Генисаретский. Так, как ты ее вводишь или как она у тебя появляется, деятельность образует онтологию методолога, а совсем не онтологию каких-либо теоретических наук, в том числе социологии.

 

Это очень сложный вопрос, имеющий ряд различных аспектов. Если ты говоришь о генезисе идеи деятельности, то это почти правильно. . .

 

Генисаретский. Мое утверждение касается не только аспектов происхождения самой идеи, но и актуальной структуры ее, касающейся актуальных употреблений.

 

С этим я не могу согласиться. Когда мы говорим о деятельности в онтологии методолога, то мы имеем в виду и только и можем подразумевать принцип деятельности или идею деятельности, но не как не теорию деятельности. Если «деятельность» уже опредмечена и объективирована, она перестает быть только онтологией методологии, а становится также самостоятельной предметной, тотально-натуралистической или даже космологи ческой онтологией. Во всех этих случаях она отрывается от деятельности методолога и перестает быть собственно онтологической методологией.

 

Генисаретский. В персонифицированном плане это, наверное, верно, но в смысловом плане она как была, так и остается онтологией методологии.

 

Если переходить в тот план, в каком рассуждаешь ты, то тогда я бы сказал, что у методологии вообще нет онтологии. Во всяком случае методолог не может ограничиться одной лишь онтологией деятельности. Методолог отличается от ученого тем, прежде всего, что он имеет множество разных онтологий — это принцип множественного знания — и эти разнообразные онтологии существуют в его организме деятельности, в его методологическом мышлении. Я мог бы сказать, что методолог, раз он имеет множество разных онтологий, не имеет ни одной. Принцип деятельности является своеобразным суррогатом такой онтологии, поскольку он берется или брался в чистом виде. Когда «деятельность» берется в объектной интерпретации, она перестает быть элементом принципа и достоянием методолога и становится кроме того, специфической онтологией ряда научных дисциплин.

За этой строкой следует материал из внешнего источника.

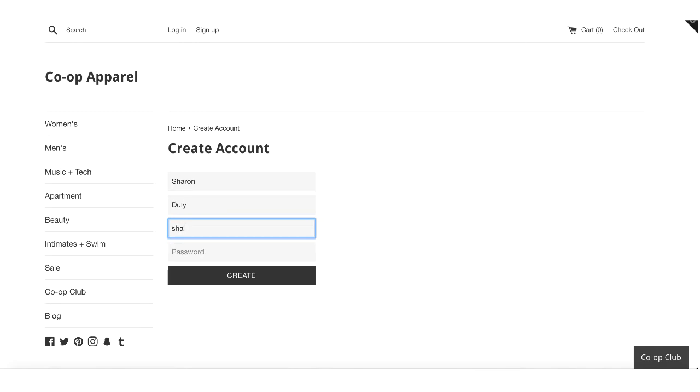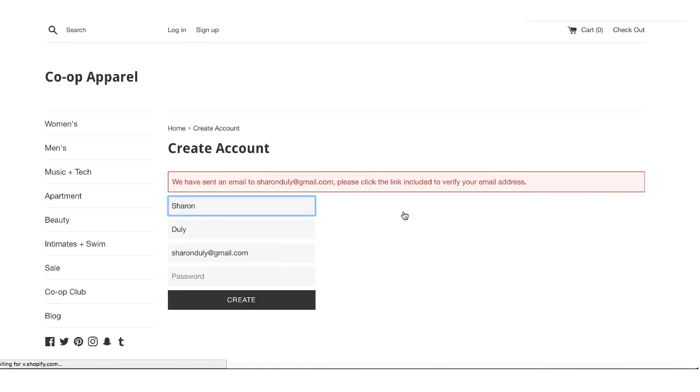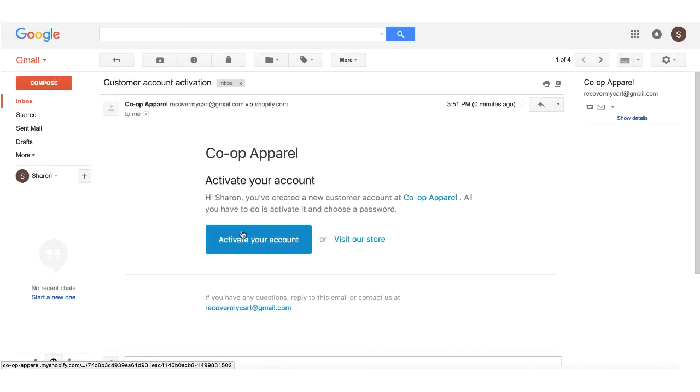You'll need to make sure you have customer accounts enabled in your Shopify admin. Shopify will recognize their email address and require them to verify it to link their account to their guest order.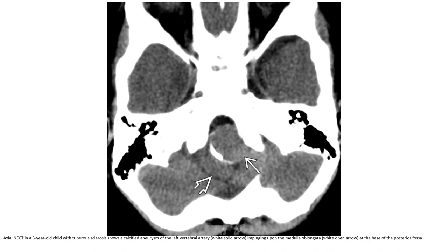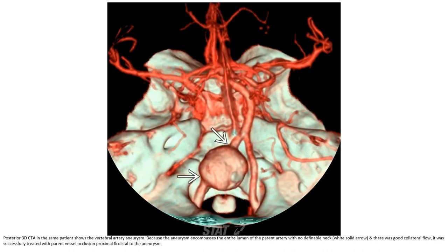Non-contrast enhanced CT in a 3-year-old child with tuberous sclerosis showed a calcified aneurysm of the left vertebral artery clinging to the base of the posterior fossa. CTA in the same patient showed the vertebral artery aneurysm compressing the entire lumen of the parent artery, with no definable length of the parent artery, but good collateral flow. The patient was successfully treated with parent vessel occlusion proximal and distal to the aneurysm.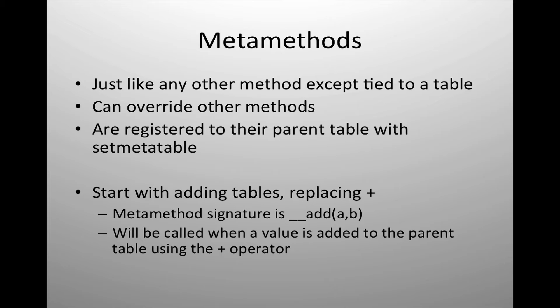So to get the ball rolling, to do a very simple introduction, we're going to look at how can we add two tables together. This is done by replacing in the scripting language the plus command and giving it a new description.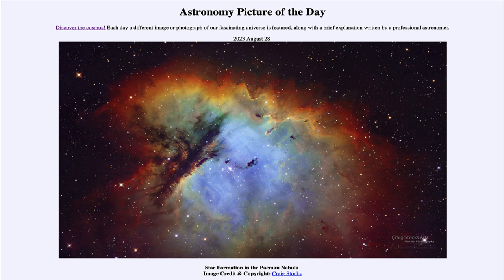So that was our picture of the day for August 28th of 2023, titled 'Star Formation in the Pac-Man Nebula.' We'll be back again tomorrow for the next picture preview, which is to be a spiral web — we'll see what that's about tomorrow. Until then, have a great day everyone, and I will see you in class.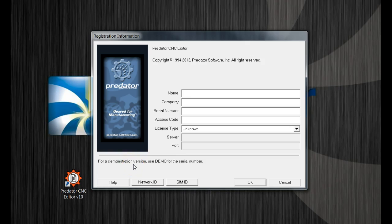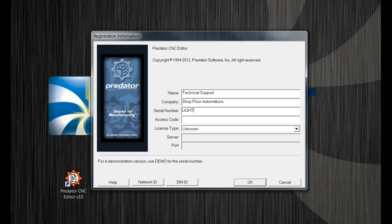When you select and launch the software, you'll be prompted to the registration screen shown here. Go ahead and type in your name and your company information. Under the serial number, you'll want to type in the word 'light.' You can leave the access code blank and the license type should be set as unknown.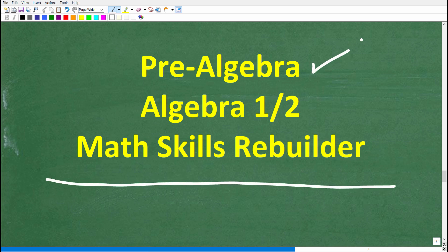Pre-algebra is for those studying basic algebra. If you're further along, check out my Algebra 1 or Algebra 2 courses. My Math Skills Rebuilder course is a review course covering basic math, algebra, and geometry. I'll leave links to all these courses in the description. With all that being said, I wish you all the best in your math adventures. Thank you for your time, and have a great day.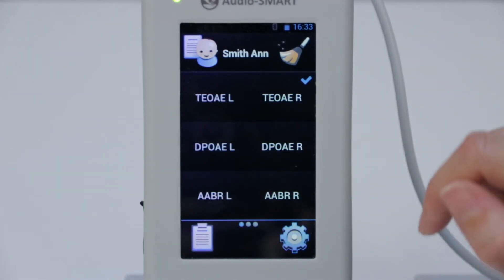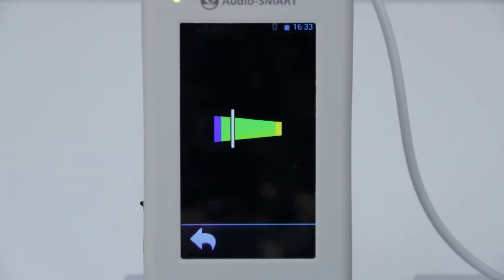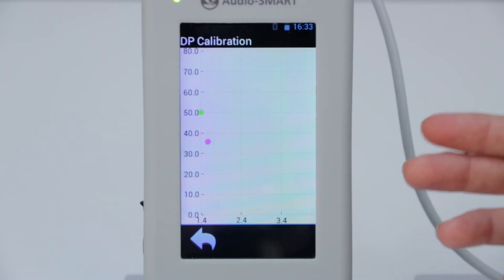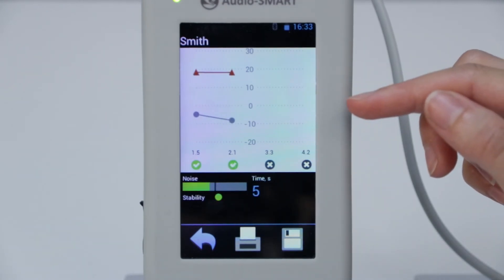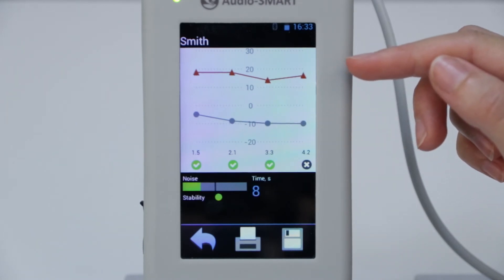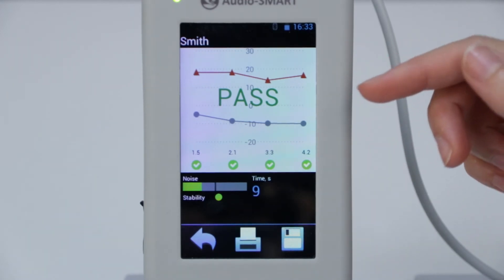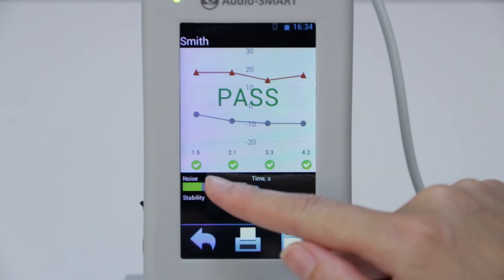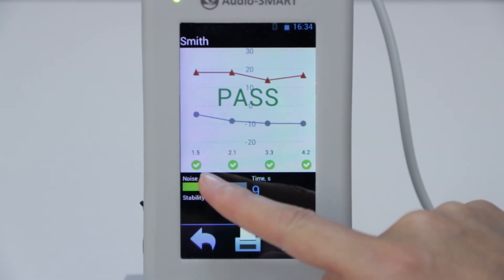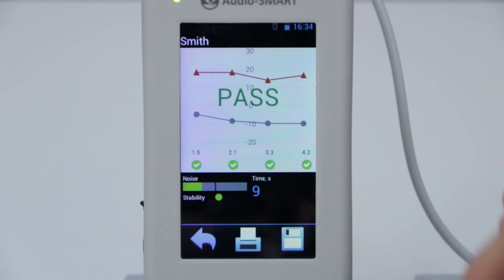Now when we need to perform the distortion product otoacoustic emission test, choose the side to see the calibration process — the calibration of pairs of tones which we'll use. You see the gray line: it's the amplitude of noise, and the red line: it's the amplitude of signal from the right ear. You see also that the device made an automatic conclusion of passing, because it got a result in more than 50% of frequency bands, and it occupied only nine seconds.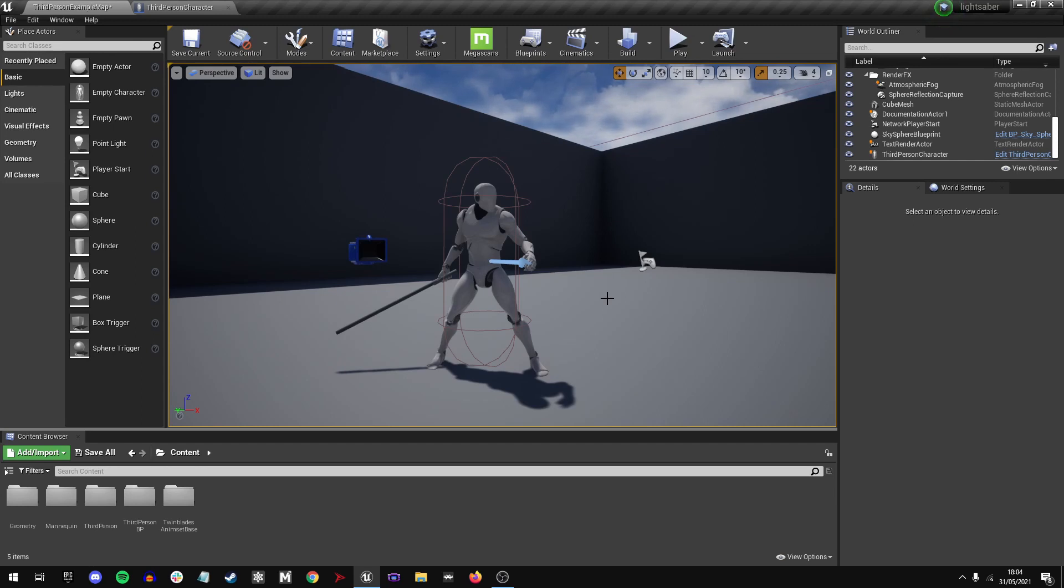Hello. So, to make a lightsaber material in Unreal Engine 4 is actually super simple.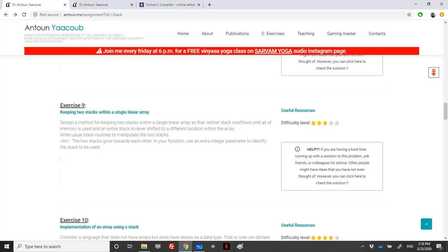Welcome again to my channel. Today in this recording we will be covering some implementation exercises concerning stacks. Specifically, we are asked to design a method for keeping two stacks within a single linear array, so that neither stack overflows until all of the memory is used, and an entire stack is never shifted to a different location within the array.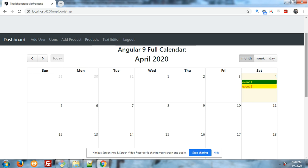So friends, if you have any kind of query, you can comment on this video. In my next video I will come with more FullCalendar Angular 9 tricks, like how to reload events, how to enter events from a modal form, and how to update and delete events — all in an Angular 9 application. Please subscribe to my channel for the latest Angular and Laravel updates. Thank you, have a nice day.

После того, как онтология порождена, с ней могут происходить самые разные метаморфозы, и поэтому она не может оставаться достоянием одного лишь методолога.

 

Генисаретский. То, что ты сказал, означает, - теперь уже в философском плане, — что деятельность есть все бытие и никаких других объектов не существует и не может быть, что все остальное суть предметы, а не объекты.

 

Если пользоваться твоим понятием бытия, то можно утверждать только это.

 

Генисаретский. Тогда далее, пользуясь твоим собственным понятием организованностей деятельности, можно показать, что «деятельность» может быть только онтологией методолога. Это есть, с одной стороны, его картина мира, а с другой стороны — его «прожект», который он, посредством своей методологической организованности, внедряет и пытается реализовать в этом мире.

 

Но здесь очень сложным является вопрос, в какой роли он при это выступает. Он может выступить в роли философа, и это достигается путем очень незначительной трансформации идеи деятельности, он может выступить в роли ученого или нескольких разных ученых, и это тоже достигается путем определенных трансформаций идеи деятельности. . .

 

Генисаретский. Но как философов он при этом хорошо знает, что деятельность есть отнюдь не все бытие.

 

Но зато, как ученый, зная, что деятельность есть отнюдь не все бытие, он использует идею деятельности в функции частной предметной онтологии. Точно также он может считать, что все бытие исчерпывается и ограничивается деятельностью, будучи философом. Тогда это будет философия деятельности и деятельностная философия бытия.

 

Генисаретский. Для философов метод и бытие, которое организуется с помощью метода, не одно и то же. Они обязательно должны быть противопоставлены друг другу. Все эти моменты, в первую очередь, моменты средств, для философа выступают как моменты случайные в том смысле, что они не являются всем бытием. Моменты бытия, определяемые как метод, являются случайными исторически, физически и пр. и пр. Методолог, пропагандирующий деятельность как бытие, осуществляет только одну процедуру: он берет деятельность как определенную частную реальность и применяет к ней определенную монизирующую процедуру. Но то, что здесь имеет место процедура монизации, и показывает, что в философском плане мы имеем дело с известным подвохом.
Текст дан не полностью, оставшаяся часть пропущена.